Several people have been warning that the French health system was ‘becoming like the English NHS’ and this may well be true.
Our local hospital doesn’t have a good reputation despite being newly rebuilt during the last five years or so. The nurses who went to CC’s English classes said they wouldn’t want to work there after doing their practical skills and it seems to be more and more difficult to recruit doctors.
Most people prefer to see consultants in Reims and if it’s a case of an operation then they are prepared to travel to Reims, Paris or Chalon rather than trust themselves to the local surgeons.
But I can only speak from experience and with Bear and Whale that’s quite a bit.
Communication seems to be a major problem. Some years ago after Whale had a stay in hospital he came out with a series of appointments which they had made for him. One was with a urologist and we duly booked an ambulance for the given date. He was running late but it seemed that many people who turned up after us went in before us until we were the only people left in the waiting room.
After nearly four hours we went in.
“What brings you here?” asked the doctor.
“I don’t really know. It was Dr H who made the appointment when he was in hospital two months ago.”
But, obviously there had been no letter of explanation.
The consultant asked a few basic questions but didn’t even examine Whale. Then he just dismissed us saying,”Carry in as you have been doing.”
With this in mind, when the oncologist that Whale saw a month ago said he was making an appointment for him to see a gastroenterologist because of his chronic constipation I decided to write a little note of the problems myself as i wasn’t free to go along last Monday.

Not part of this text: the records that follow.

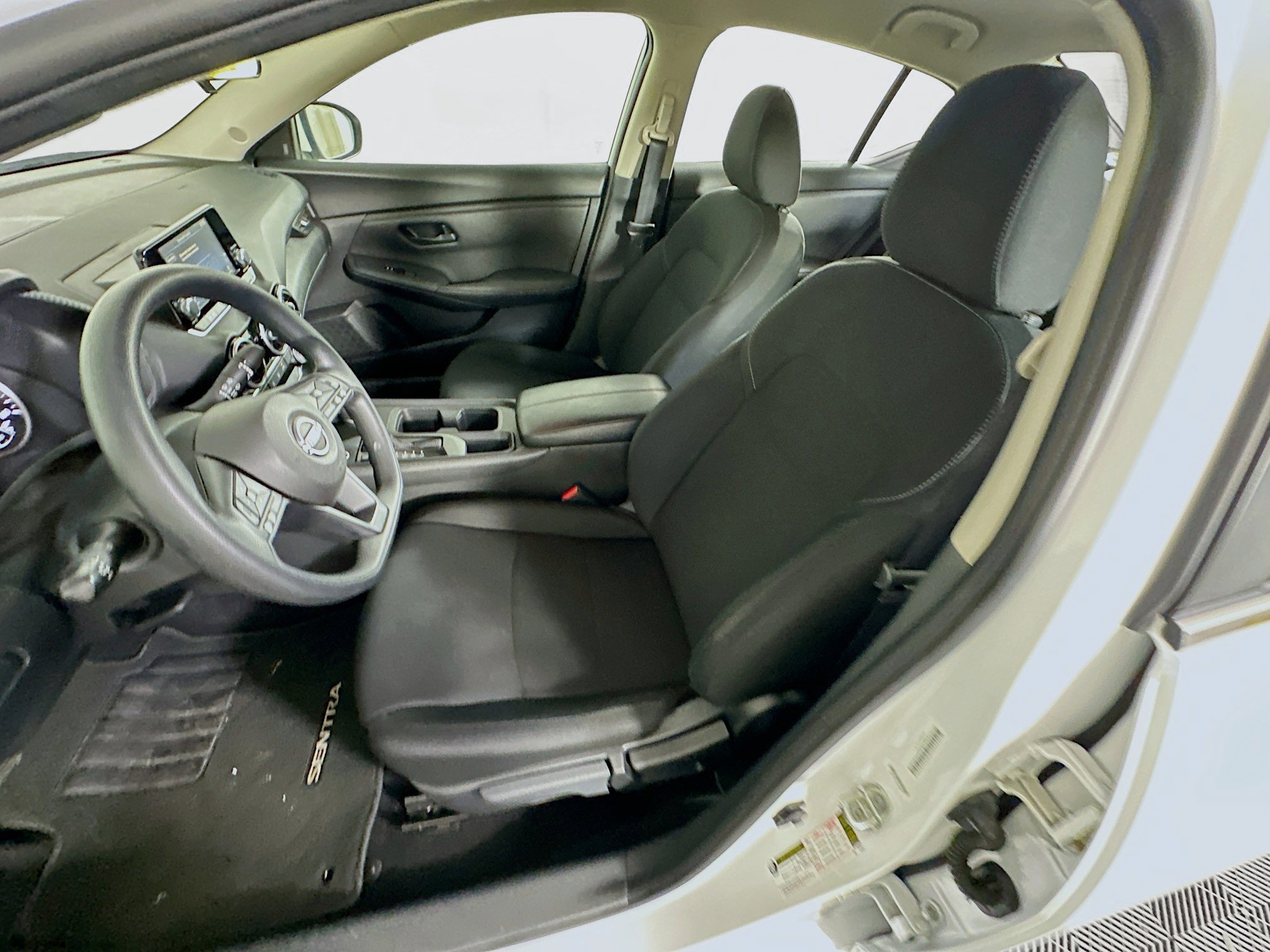 Used 2025 Nissan Sentra S image 13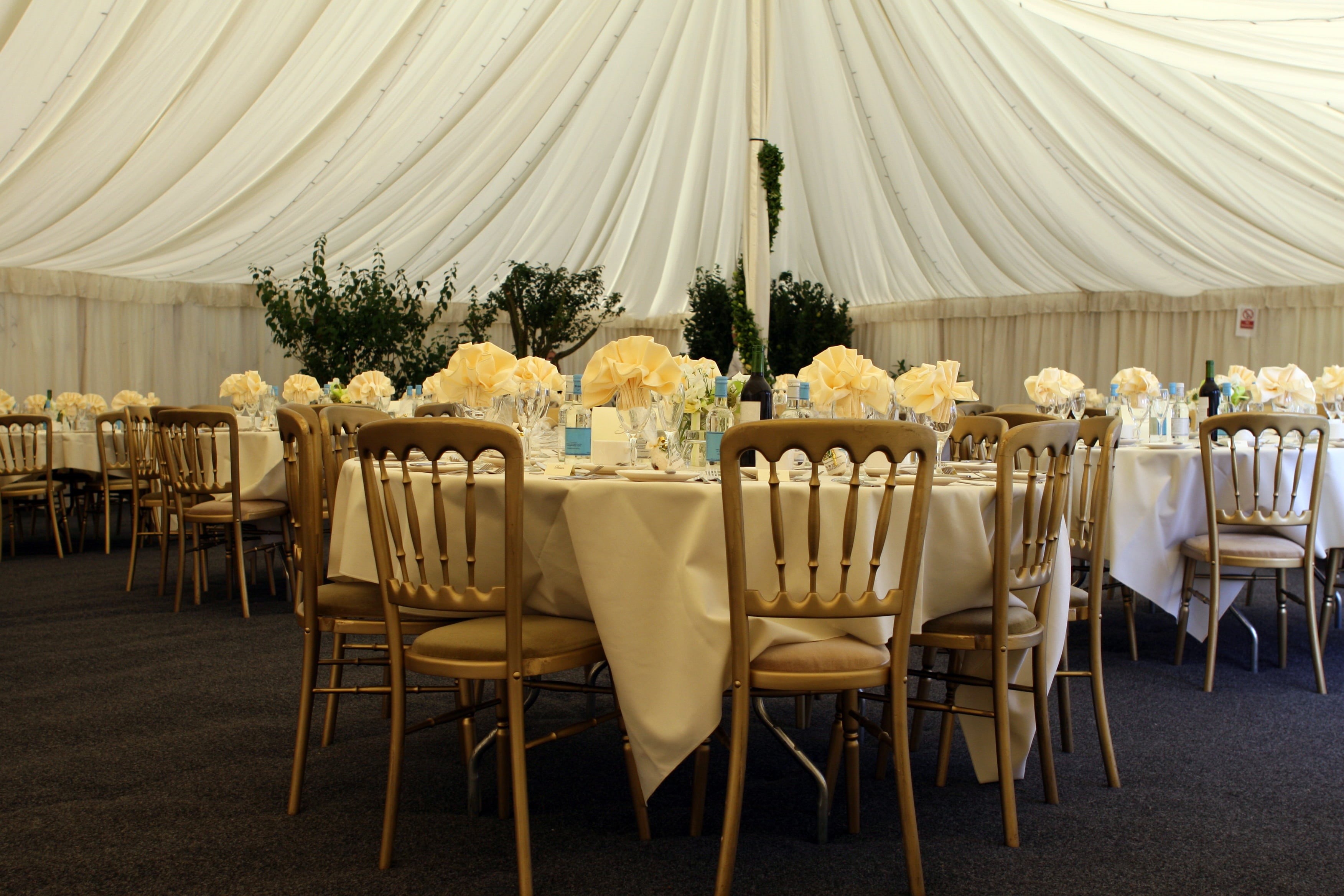 event, bouquet, decoration, indoors, chair, fashion, luxury, marry, seat, fresh, flower arrangement, wedlock, affair, arrangement, wedding ceremony, party, HD Wallpaper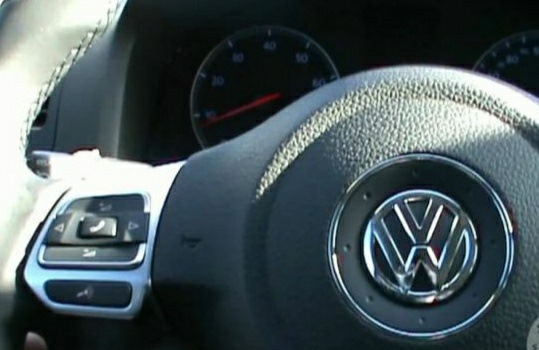 Как снять руль на фольксваген джетта 6 Замена логотипа на руле - Volkswagen Golf Mk5, 1,4 л, 2008 года аксессуары DRIVE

Sure enough, there had been no communication from Dr R and Whale said Dr F read my note but didn’t bother to examine him. He decided that he had ‘false diarhoea’ and would need a scan. But he didn’t give him a prescription for one!

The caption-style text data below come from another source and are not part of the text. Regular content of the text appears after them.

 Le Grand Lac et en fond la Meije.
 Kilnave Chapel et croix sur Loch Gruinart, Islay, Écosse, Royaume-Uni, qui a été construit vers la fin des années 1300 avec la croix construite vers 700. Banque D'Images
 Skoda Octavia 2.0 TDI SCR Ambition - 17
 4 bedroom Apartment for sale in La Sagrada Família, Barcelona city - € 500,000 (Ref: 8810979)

I learned later that the doctors at the hospital are penalised if they ask for too many examinations so they leave it to the GPs to sort out.

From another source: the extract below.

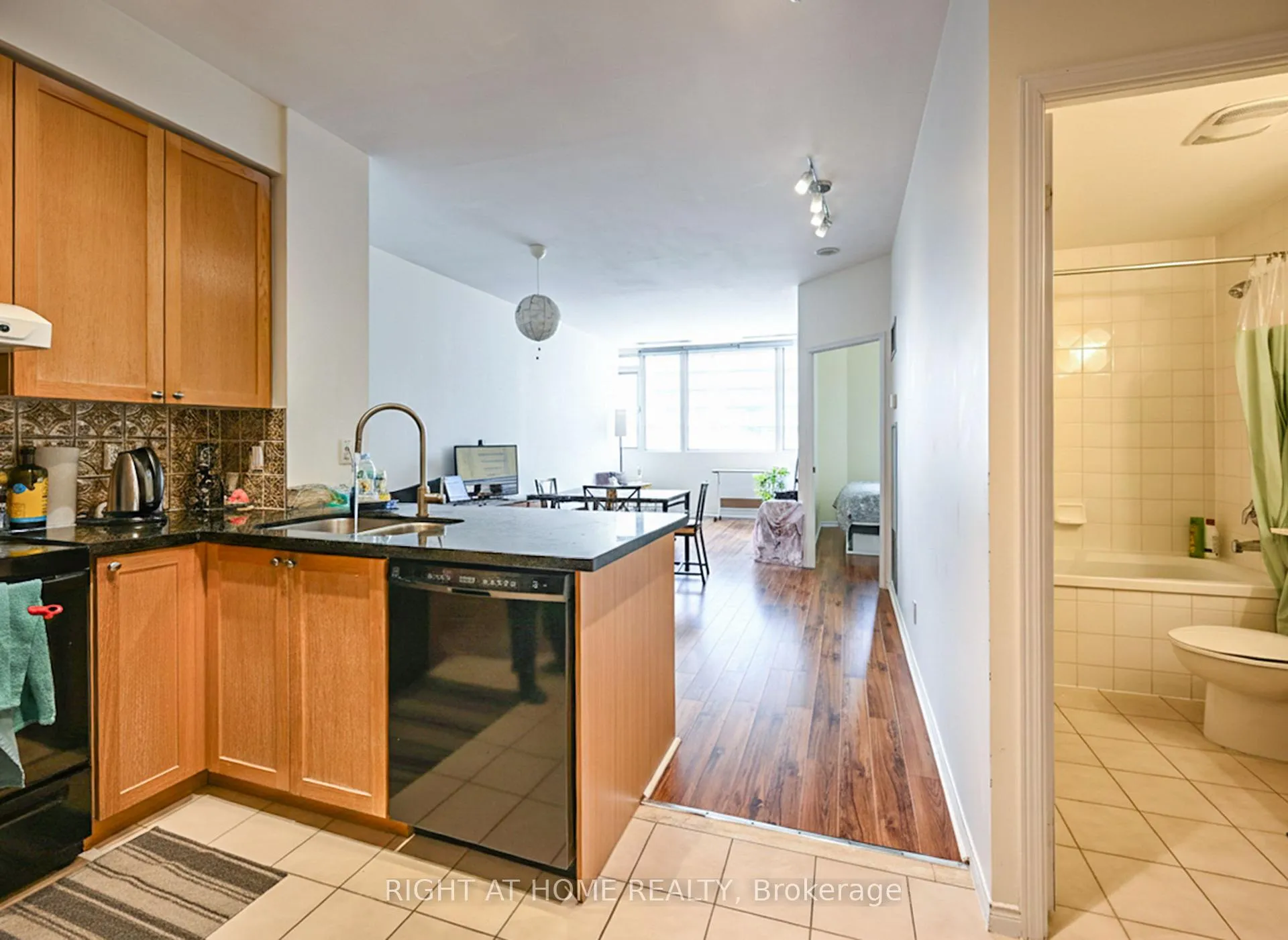 Photo 2 of Unit 802, 555 Yonge Street, Toronto, Church-Yonge Corridor — HOMEH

As I was going to see our doctor on Thursday (to have my ears syringed) I thought she might have heard something. She hadn’t, so I explained the situation and she made out the prescription for a scan.
Our home nurse rang to say it was an urgent appointment and they are doing it on Monday, which just gave her time to do the necessary blood test and get the results – plus a ‘bon de transport’. She brought the injection that Whale has to take with him and all the paperwork in this morning, bless her! All I had to do was book the ambulance.
The nurse agreed that there was a less than caring attutude among doctors at the hospital and told us of other cases where they were bordering on negligent.
Let’s hope we remain as healthy as possible so we don’t have to test the theory ourselves.